Task to complete -> Begin the copy at the line containing "Charms til hoops" in the data below and end it at the line containing "Lace-up Retro Loafers Black Cowhide", keeping each line exact and leaving out pictures.

Records to process ->
- - - -
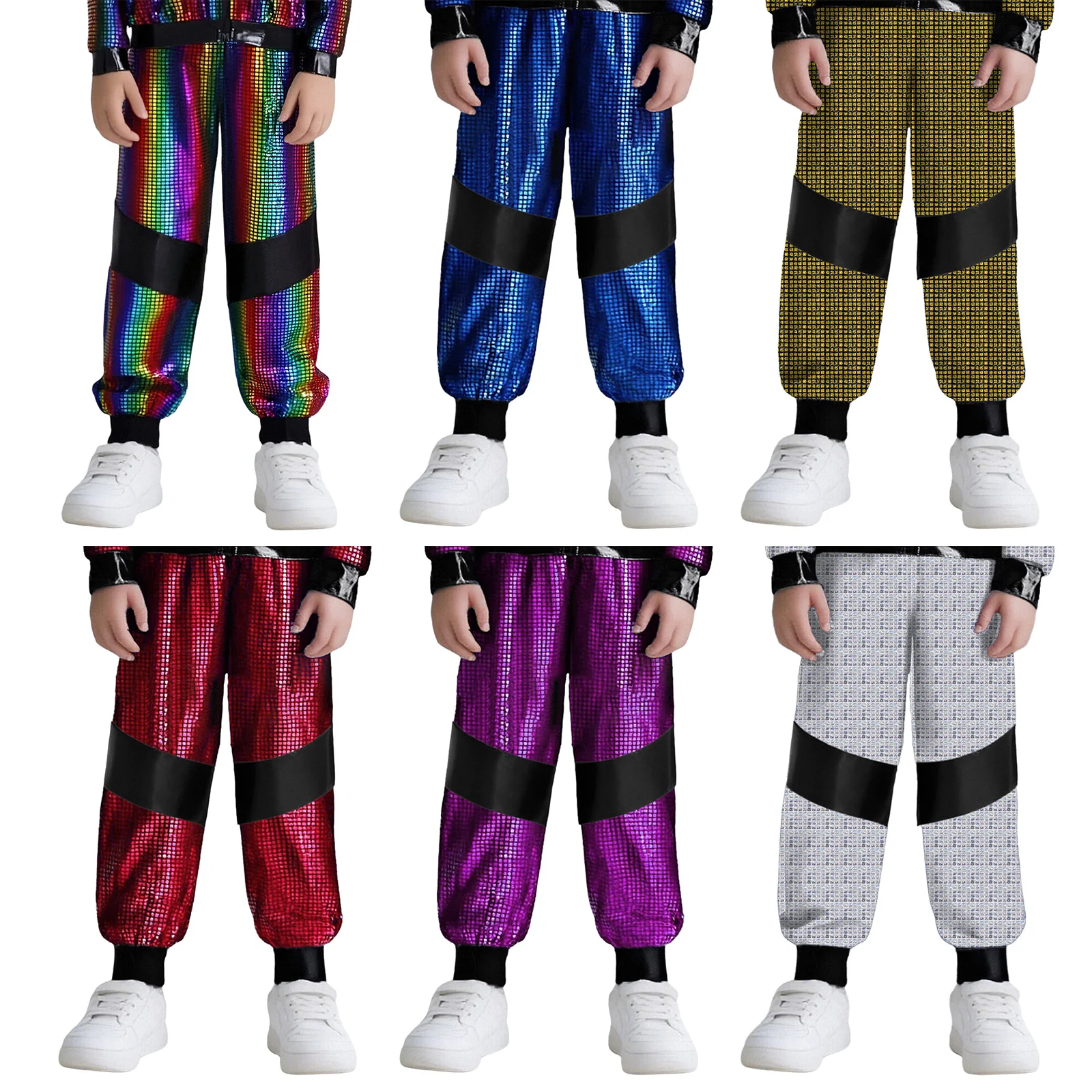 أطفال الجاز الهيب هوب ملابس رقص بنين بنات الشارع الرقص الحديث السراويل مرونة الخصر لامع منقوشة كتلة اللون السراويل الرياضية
- - - -
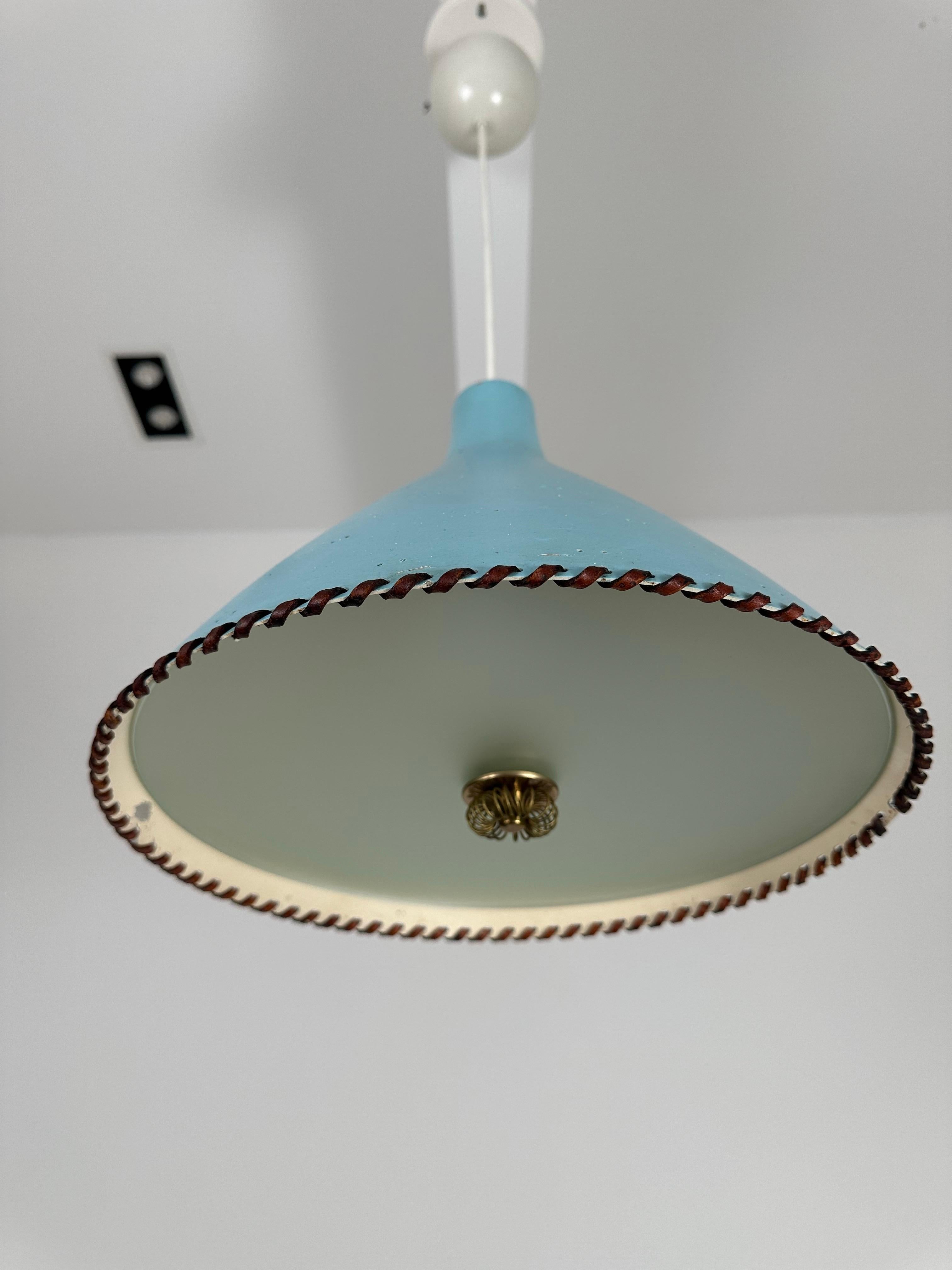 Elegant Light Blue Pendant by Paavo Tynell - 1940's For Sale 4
- - - -
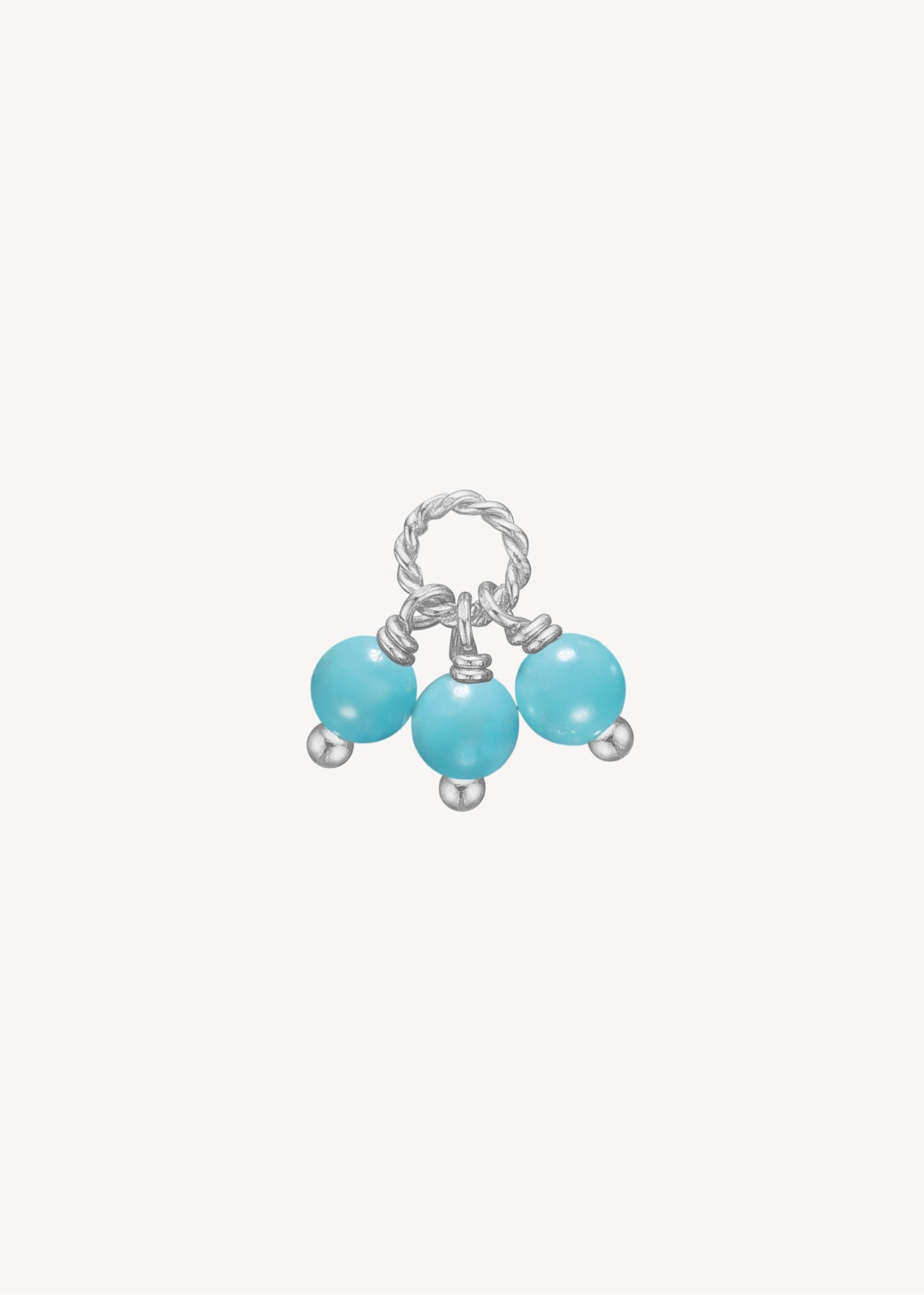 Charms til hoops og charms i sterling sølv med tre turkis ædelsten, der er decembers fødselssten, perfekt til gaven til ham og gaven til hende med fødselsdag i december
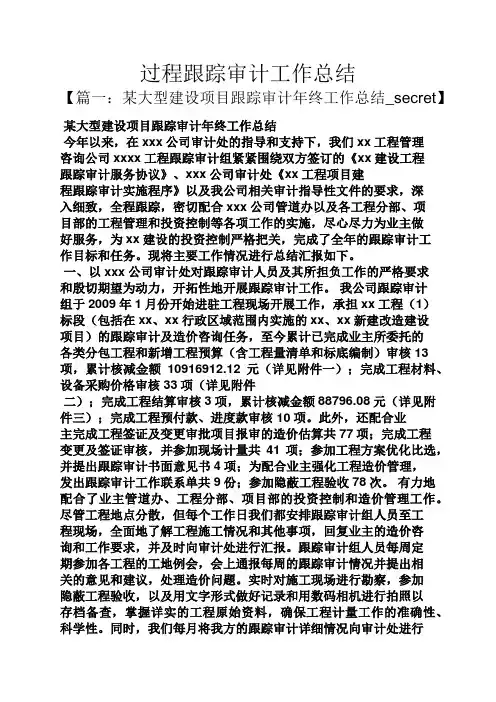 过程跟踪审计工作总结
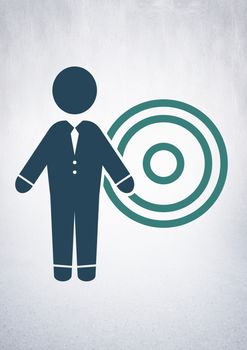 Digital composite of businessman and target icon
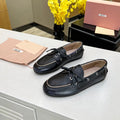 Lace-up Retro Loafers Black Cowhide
- - - -
Answer to the exercise ->
 Charms til hoops og charms i sterling sølv med tre turkis ædelsten, der er decembers fødselssten, perfekt til gaven til ham og gaven til hende med fødselsdag i december
 过程跟踪审计工作总结
 Digital composite of businessman and target icon
 Lace-up Retro Loafers Black Cowhide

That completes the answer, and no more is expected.